Sunday, December 07, 2014

Govt cites national interest to deny black money info

Times of India: New Delhi: Sunday, 07 December 2014.
The government has denied disclosure of information under RTI on how many requests it has made to other countries with which India has Double Tax Avoidance Agreement (DTAA) or a Tax Information Exchange Agreement, citing national interest and confidentiality.
Oddly enough India as a member of the Global Forum for Transparency which has been set up to develop and comply with standards relating to investigations and combat black money by the G-20, has declared this information in a public forum.
According to the peer review report submitted by the government India, it received 97 requests between July 1, 2009 and June 30, 2012. It sent 563 requests for information during the period under review including 386 for the first six months of 2012. CHRI's Venkatesh Nayak had sought information on the subject from 2011 to October 2014.
However, in response to RTIs, the finance ministry said that it could not disclose the information citing section 8(1)(a) and 8(1)(f) of the act. The sections forbid disclosure if the information is against national interest or if the information has been given by a foreign government on condition of confidentiality.
Pointing out this anomaly Nayak said the bar in the confidentiality clause in DTAAs was only about person-specific information and not for numbers adding that the government had already made this information public in an international forum.

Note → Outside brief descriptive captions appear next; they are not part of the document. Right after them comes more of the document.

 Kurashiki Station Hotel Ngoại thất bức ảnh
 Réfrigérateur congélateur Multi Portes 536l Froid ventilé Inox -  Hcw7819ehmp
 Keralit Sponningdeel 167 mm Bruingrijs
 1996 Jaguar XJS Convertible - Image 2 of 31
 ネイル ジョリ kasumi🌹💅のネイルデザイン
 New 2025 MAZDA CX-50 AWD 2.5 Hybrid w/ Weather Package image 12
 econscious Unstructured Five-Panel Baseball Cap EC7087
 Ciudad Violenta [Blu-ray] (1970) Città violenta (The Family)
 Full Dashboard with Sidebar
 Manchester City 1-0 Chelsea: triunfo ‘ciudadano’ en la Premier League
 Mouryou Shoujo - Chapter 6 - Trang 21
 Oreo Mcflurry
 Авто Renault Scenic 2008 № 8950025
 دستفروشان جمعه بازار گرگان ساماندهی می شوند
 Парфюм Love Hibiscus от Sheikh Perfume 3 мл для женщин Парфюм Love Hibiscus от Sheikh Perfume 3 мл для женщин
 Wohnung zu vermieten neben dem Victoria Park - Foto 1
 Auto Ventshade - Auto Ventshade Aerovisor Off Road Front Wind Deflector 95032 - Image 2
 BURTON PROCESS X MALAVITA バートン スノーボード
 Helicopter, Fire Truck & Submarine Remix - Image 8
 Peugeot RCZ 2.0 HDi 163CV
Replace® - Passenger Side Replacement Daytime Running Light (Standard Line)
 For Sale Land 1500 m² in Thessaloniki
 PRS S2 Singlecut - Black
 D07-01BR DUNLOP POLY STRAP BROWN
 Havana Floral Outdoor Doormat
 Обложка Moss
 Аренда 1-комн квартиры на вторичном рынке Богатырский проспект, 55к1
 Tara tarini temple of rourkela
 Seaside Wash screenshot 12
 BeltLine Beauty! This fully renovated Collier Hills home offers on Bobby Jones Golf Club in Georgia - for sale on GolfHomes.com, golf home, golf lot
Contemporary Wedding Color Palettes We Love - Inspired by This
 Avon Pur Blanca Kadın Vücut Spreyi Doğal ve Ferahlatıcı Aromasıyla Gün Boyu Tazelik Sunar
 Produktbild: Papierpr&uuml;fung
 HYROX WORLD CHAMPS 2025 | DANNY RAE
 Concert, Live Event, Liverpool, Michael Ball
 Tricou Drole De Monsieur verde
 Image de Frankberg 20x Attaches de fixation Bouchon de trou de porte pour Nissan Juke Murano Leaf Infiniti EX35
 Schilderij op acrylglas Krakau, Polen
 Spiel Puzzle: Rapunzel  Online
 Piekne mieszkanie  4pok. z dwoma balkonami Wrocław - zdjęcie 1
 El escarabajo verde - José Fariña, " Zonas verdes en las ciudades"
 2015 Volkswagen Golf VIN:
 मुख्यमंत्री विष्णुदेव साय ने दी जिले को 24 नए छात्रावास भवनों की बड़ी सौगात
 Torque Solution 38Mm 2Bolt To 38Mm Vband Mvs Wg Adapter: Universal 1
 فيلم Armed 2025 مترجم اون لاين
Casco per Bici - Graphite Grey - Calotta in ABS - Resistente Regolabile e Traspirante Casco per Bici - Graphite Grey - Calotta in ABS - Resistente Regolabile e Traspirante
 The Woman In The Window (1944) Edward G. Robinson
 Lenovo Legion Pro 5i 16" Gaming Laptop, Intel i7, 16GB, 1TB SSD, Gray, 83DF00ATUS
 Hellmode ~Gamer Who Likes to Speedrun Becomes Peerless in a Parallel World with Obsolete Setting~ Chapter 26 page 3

"But when a citizen asks for the number of requests it has made to other countries and shows what is the public interest in disclosing such information, they invoke section 8(1)(a) and (f). So just like in the Ram Jethmalani case, the government thinks it is more loyally bound to foreign countries under its DTAAs and not to even the court or its own citizens in terms of transparency. These DTAAs are not ratified or even placed before Parliament," Nayak said.
Recently the Supreme Court ordered the government to hand over the names of account holders who have allegedly stashed away black money abroad.